Prior to tax year 2018, the IRS gave institutions the option to report either payments in box 1 OR amounts billed in Box 2. Ohio State chose to report amounts billed in Box 2.

To calculate payments made to Ohio State, prior to tax year 2018, see the official Statement of Account for the semesters within the appropriate tax year. Students can access their Statement of Account once signed into buckeyelink.osu.edu. Click the “Term” arrow to view previous semesters.


Requests for Form Changes

My name and/or address has changed, or I've obtained a SSN/ITIN, since my 2021 1098-T was generated. Can I request an updated version?

Yes, if your name and/or address has been updated in My Buckeye Link, or if you have obtained a SSN/ITIN, you may request an updated 2021 1098-T form until March 11, 2022.

To do so, call the University Bursar at 614-292-1056 or email bursar@osu.edu

I disagree with the amounts reflected on my 1098-T. Can I request a hand calculation for my 1098-T values?

No. Due sheer volume, we are unable to fulfill requests for personalized 1098-T calculations. Form 1098-T is used as a guide, but additional materials may assist in reviewing your eligibility for tax credits or tax deductions.

  • Statement of Account - obtained from your My Buckeye Link; reflects charges and payments, as well as their post dates
  • Cashed check images - obtained from your banking institution
  • Online bank statements - obtained from your banking institution

These materials, along with the guidance of a tax preparer or the IRS, can assist in determining your eligibility. Remember, per the IRS, the Lifetime Learning Credit and the American Opportunity Tax Credit have maximum annual credit limits of $2,000 and $2,500 respectively.

Additionally, please keep in mind that Ohio State cannot provide tax filing advice.


Form Instructions and Additional Resources

What are the instructions for Form 1098-T?
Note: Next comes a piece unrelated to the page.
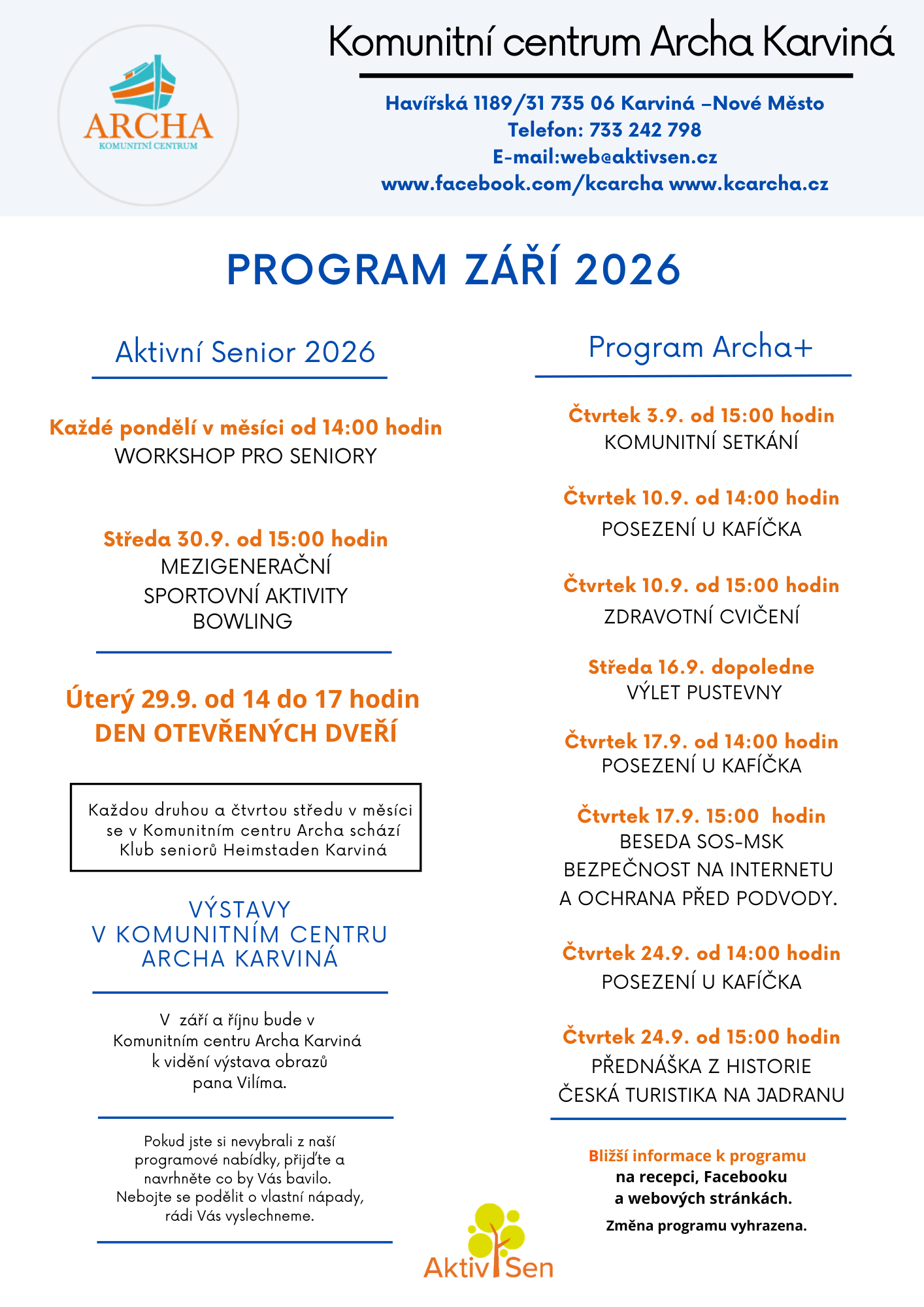 Program Září 2026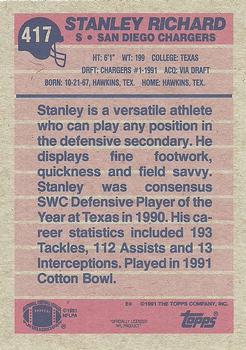 1991 Topps #417 Stanley Richard Back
Please visit Instructions for Forms 1098-E and 1098-T on the IRS website for information on how to use Form 1098-T and to review educational tax credits and deductions qualifications.

You may also choose to consult with a qualified tax preparer or the IRS if you have questions concerning how to use this form on your taxes.

Did Ohio State send a copy of this form to the IRS?

Yes. Section 6050S of the Internal Revenue Code, as enacted by the Taxpayer Relief Act of 1997, requires institutions to file information returns to assist taxpayers and the Internal Revenue Service in determining eligibility for the American Opportunity and Lifetime Learning education tax credits. The annual deadline to file the required tax information electronically is March 31, although data may be transmitted earlier. 

 What am I supposed to do with the 1098-T form?

Keep it for your personal records and share it with your tax preparer; Ohio State sends your 1098-T information to the IRS. The information contained in the 1098-T will help you to determine if you may claim various tax credits and/or deductions for qualified educational expenses. Please be aware that the 1098-T captures financial information on a calendar year basis (January 1 – December 31) and you will likely need your statements of account (also available from buckeyelink.osu.edu) and other personal receipts (eg. books & supplies) to calculate your tax credits and deductions

Who can claim an Education Credit and what are the maximum credit amounts?

You may be able to claim an education credit if you, your spouse, or a dependent you claim on your tax return was a student enrolled at or attending an eligible educational institution.

If a student is claimed as a dependent on another’s tax return, only the person who claims the student as a dependent can claim a credit for the student’s qualified education expenses.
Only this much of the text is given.